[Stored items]
******************************
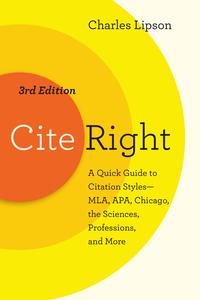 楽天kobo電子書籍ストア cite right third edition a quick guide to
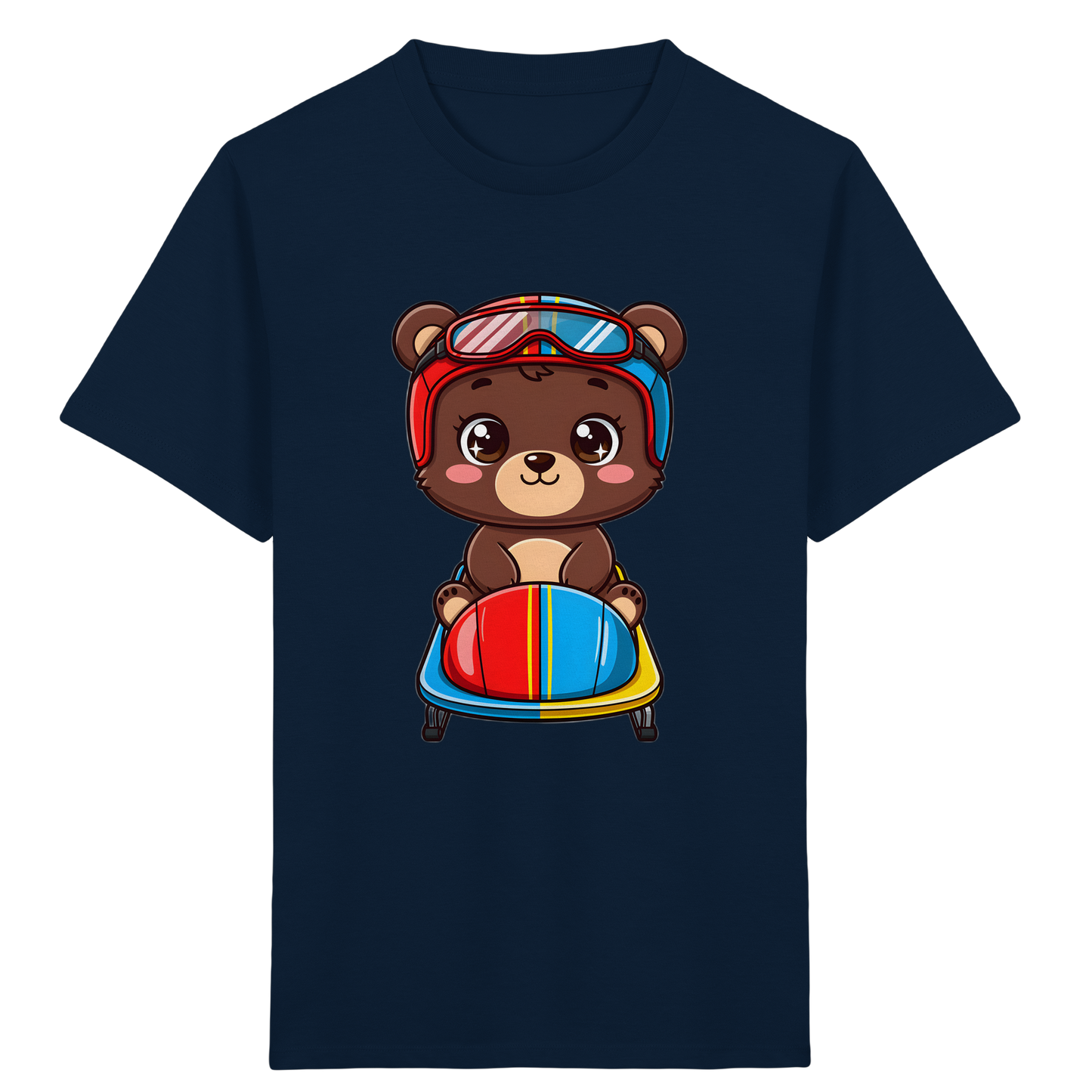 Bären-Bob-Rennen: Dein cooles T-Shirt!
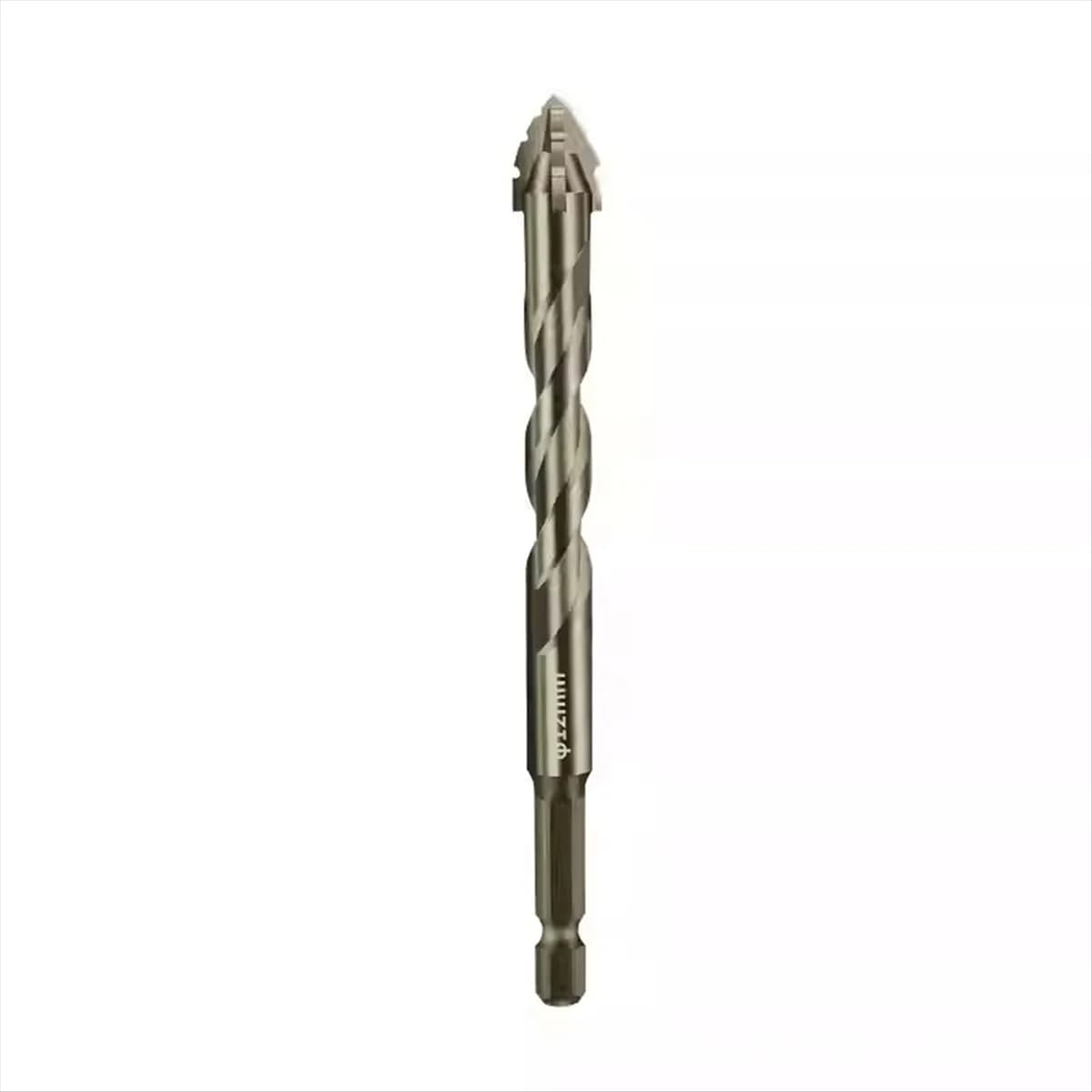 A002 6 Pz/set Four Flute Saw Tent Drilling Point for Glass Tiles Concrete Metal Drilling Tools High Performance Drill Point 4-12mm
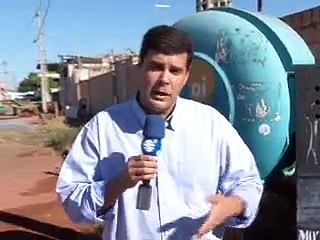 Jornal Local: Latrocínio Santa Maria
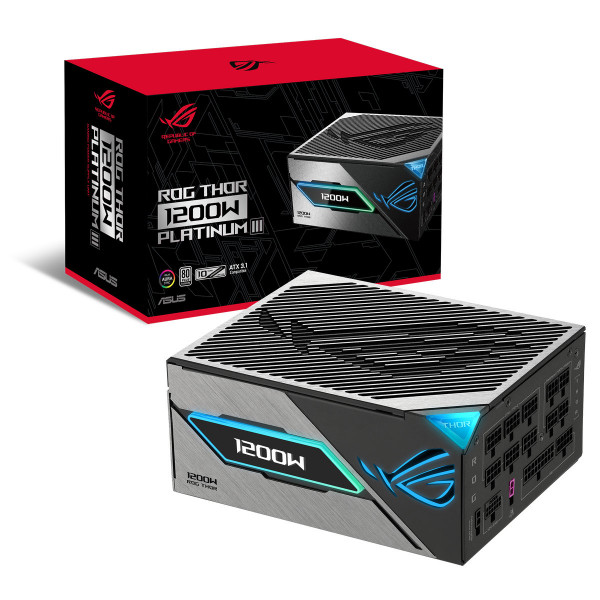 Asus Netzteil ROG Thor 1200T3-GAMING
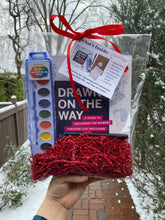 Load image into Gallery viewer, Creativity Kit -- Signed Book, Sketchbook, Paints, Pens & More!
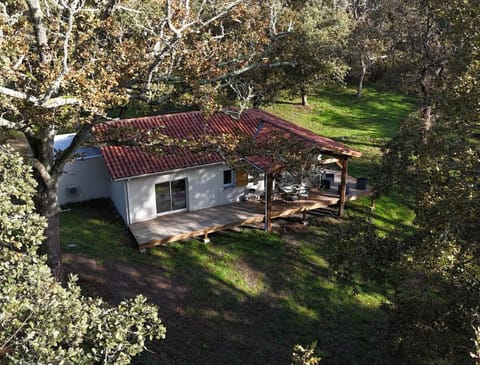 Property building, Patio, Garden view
******************************
WHAT IS BEING ASKED: With the pictures left out, output the lines from the one containing "Asus Netzteil ROG Thor 1200T3-GAMING" through the last line of the records above, exactly as they are.

RESPONSE AREA:
 Asus Netzteil ROG Thor 1200T3-GAMING
 Load image into Gallery viewer, Creativity Kit -- Signed Book, Sketchbook, Paints, Pens & More!
 Property building, Patio, Garden view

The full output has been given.